My work pictured by AI – Sarah Saneei

What is this work about? Vocal learning plays an important role during speech development in human infants and is vital for language. However, the complex structure of language creates a colossal challenge in quantifying and tracking vocal changes in humans. Consequently, animals with simpler vocal communication systems are powerful tools for understanding the mechanisms underlying vocal learning. While human infants show the most drastic vocal changes, many adult animals, including humans, continue to show vocal learning in the form of a much-understudied phenomena called vocal accommodation. Vocal accommodation is often seen when people use similar words, pronunciations and speech rate to their conversing partner. Such a phenomena is also seen in common marmosets, a highly voluble Brazilian monkey species, with a simpler communication system compared to humans. In this project, I developed a mathematical model that explains the basic principles and rules underlying marmoset vocal accommodation. The model provides crucial insights into the mechanisms underlying vocal learning in adult animals and how they might differ from vocal learning in infant animals and humans.
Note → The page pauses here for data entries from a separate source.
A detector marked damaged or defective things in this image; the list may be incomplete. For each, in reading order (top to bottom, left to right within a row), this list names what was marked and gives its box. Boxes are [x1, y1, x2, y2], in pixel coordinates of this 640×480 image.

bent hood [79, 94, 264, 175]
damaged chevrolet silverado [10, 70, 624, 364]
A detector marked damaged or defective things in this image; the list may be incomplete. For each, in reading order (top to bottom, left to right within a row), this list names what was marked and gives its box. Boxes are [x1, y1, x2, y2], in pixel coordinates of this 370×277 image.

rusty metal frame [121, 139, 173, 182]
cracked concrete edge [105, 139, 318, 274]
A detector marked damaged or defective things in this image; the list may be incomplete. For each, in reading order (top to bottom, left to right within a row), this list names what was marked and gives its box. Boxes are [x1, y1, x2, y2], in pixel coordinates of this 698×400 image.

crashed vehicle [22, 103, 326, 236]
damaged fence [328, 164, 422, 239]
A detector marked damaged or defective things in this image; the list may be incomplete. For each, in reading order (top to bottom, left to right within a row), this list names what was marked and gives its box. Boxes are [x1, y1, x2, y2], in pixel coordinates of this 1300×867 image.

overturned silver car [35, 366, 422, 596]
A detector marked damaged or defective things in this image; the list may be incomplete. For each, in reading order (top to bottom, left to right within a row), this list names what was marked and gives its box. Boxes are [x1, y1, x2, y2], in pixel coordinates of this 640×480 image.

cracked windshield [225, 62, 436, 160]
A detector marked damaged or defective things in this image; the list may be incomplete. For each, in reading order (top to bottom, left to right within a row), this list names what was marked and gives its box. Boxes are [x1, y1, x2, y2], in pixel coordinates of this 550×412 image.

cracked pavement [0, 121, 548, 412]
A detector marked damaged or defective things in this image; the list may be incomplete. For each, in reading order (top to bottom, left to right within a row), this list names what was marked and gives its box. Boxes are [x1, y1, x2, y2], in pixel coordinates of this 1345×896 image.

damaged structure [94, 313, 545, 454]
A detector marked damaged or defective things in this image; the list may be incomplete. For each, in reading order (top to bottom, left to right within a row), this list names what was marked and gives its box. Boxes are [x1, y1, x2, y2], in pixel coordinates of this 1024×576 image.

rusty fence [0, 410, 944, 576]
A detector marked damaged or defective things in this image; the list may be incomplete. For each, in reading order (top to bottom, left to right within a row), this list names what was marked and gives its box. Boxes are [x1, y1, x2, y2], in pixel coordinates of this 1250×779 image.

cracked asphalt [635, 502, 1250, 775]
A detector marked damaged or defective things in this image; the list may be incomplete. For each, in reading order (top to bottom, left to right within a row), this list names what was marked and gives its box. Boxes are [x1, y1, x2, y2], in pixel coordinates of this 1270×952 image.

The first word that came to mind when seeing the AI-generated picture? Monkey-learning.

What is this work about? Speakers can convey information with varying degrees of confidence, and this typically impacts the extent to which their messages are accepted as true. Confident speakers are more likely to be believed than unconfident one. Crucially, though, this benefit comes with additional risks. Confident speakers put their reputation at stake: if their message turns out to be false, they are more likely to suffer a repetitional loss than unconfident speakers. In this paper, we investigate the extent to which perceived speaker trustworthiness is affected by evidence. Our experiments show that the reputation of confident speakers is not damaged when their false claims are supported by strong evidence, but it is damaged when their true claims are based on weak evidence.

The first word that came to mind when seeing the AI-generated picture? Trust me.

What is this work about? The speech signal carries hierarchically organized acoustic and linguistic information. Recent research suggests that the brain uses brain waves, called cortical oscillations, to process this information. Especially oscillations in the theta frequency range (4-8 Hz) have been found to be important: Theta oscillations process acoustic energy in the speech signal associated with the timing of syllables. However, there is also slower information in the speech signal that corresponds to stress and intonation patterns and are part of the prosody – the rhythm and melody – of a language.

To better understand how the brain processes these different levels at the same time, we conducted an experiment with 30 participants who listened to German sentences with manipulated stress and intonation patterns. We found that the brain is able to simultaneously process the syllable, stress and intonation patterns of speech. However, changes in stress patterns disrupted the brain’s ability to track syllables with theta oscillations. Conversely, the brain was able to compensate for changes in intonation patterns by using linguistic knowledge. Additionally, we found that individuals varied in their ability to process the prosodic structure of the speech signal, with some participants better able to compensate for acoustic changes than others. Overall, our results support the idea that the brain uses a hierarchical organization of cortical oscillations to process the speech signal.

The first word that came to mind when seeing the AI-generated picture? Nostalgia.